Pub.cache vs pub.storage

We have a small amount of state that needs to be persistently stored for some integrations, and we don’t have place in the source or target applications to store the information. These will not be high volume integrations, so performance is not a large concern.

pub.storage:put and pub.storage:get seem like they would do the job, but the need to explicitly manage locking seems potentially troublesome

pub.cache:put and pub.cache:get also seem viable, if we choose the “Eternal” and “Persist to Disk” options on the cache configuration.

Does anyone have experience and opinions on what the best option is for new code?

1 Like

In general we would recommend the cache services over the storage services. Simply because they are more modern. They will perform better, but are NOT designed for large volumes. If you simply want to store context for a short period of time then great, but ensure that the volume is a known quantity and not too large.

Otherwise use the store services, but make sure you reconfigure the ISCore JDBC connection to use a proper database, not the default embedded database.

regards,
John.

2 Likes

Complete academic discussion side trip: I’m often bemused at the buzzwords we adopt from time to time. “Modern” is one of those recent en vogue terms. And can have condescending undertones.
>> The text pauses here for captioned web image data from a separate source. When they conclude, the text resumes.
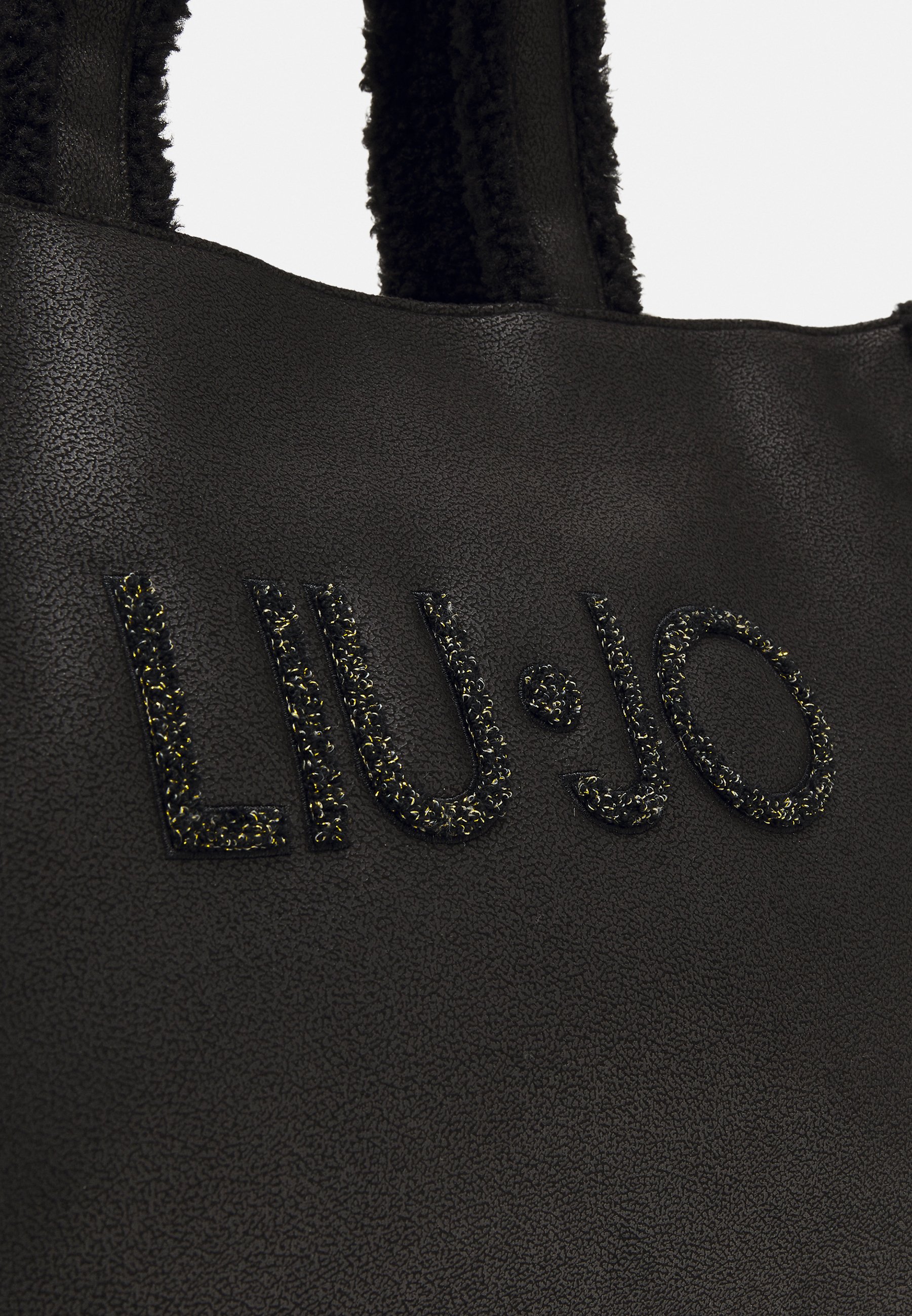 トートバッグ LIU JO LOGO SHOPPING BAG Large tote bag with maxi-logo colour animal print | Liu Jo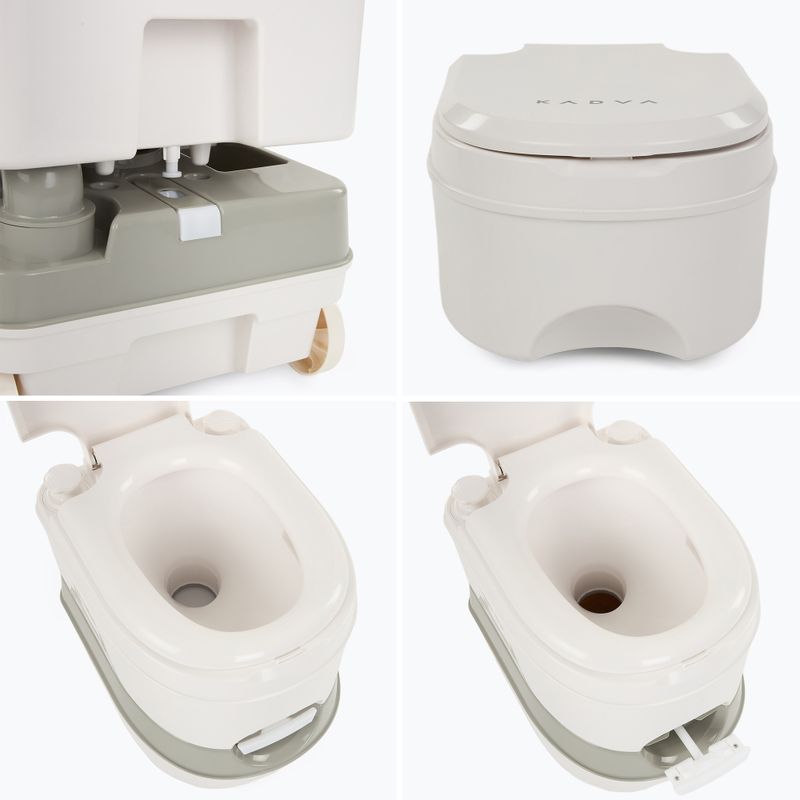 Toilette turistica KADVA Throno PRO grigia 13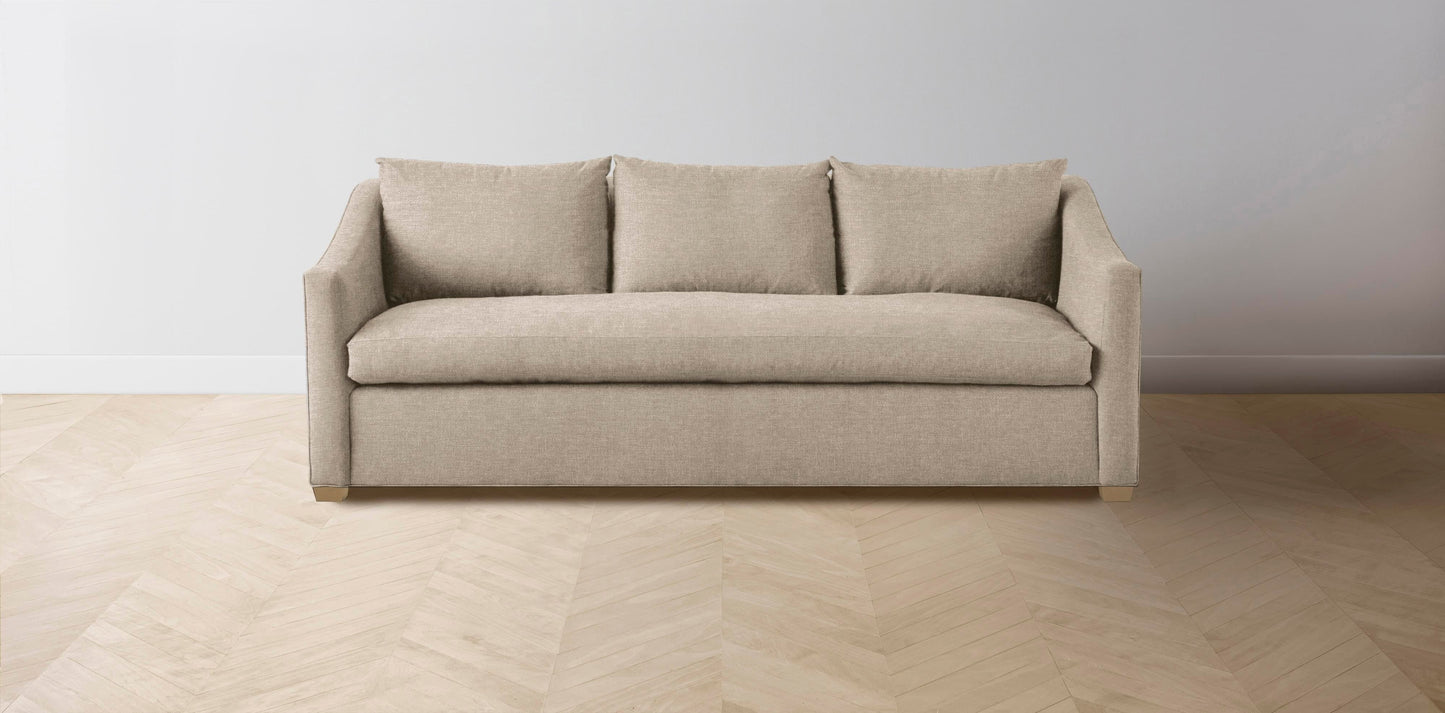 The Sullivan  - Merino Wheat Sofa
What characteristics are applicable for “modern”? If something gets labelled as “more modern” what judgements might we make? What capabilities or features can we assume? Will such assumptions be accurate?

May I humbly suggest to avoid labels that are not well-defined and instead explicitly note the characteristics that are useful for decisions. :slight_smile:

Regarding the OP’s question about “what the best option is” consider that “best” is always subjective. What works for one in a given situation may not be good for another, even if the situation is similar.

We’ve used the pub.storage services without issue, though our scenario may be a bit simpler than yours – storing the timestamp of the “last record seen” to be used in the next scheduled run as the “get records modified after time”. No possibility in our case of multiple threads working on the same keyed object.The locking aspect was not a significant concern. We always unlock right after a get, and use the implicit locking provided by put.

Selecting cache or storage facility might simply be an arbitrary decision. They are both intended for the same purpose. From the docs:

“The pub.cache services are a tool for maintaining state information for the short term” – p. 80 in Services Reference

pub.store – “These services are a tool for maintaining state information in the short-term store” – p. 928

The former is implemented using Terracotta Ehcache while the latter uses the “IS Internal” DB, which can be shared by IS instances with or without an IS cluster (we have it without – IS Internal defined to use the same DB and user in 2 instances).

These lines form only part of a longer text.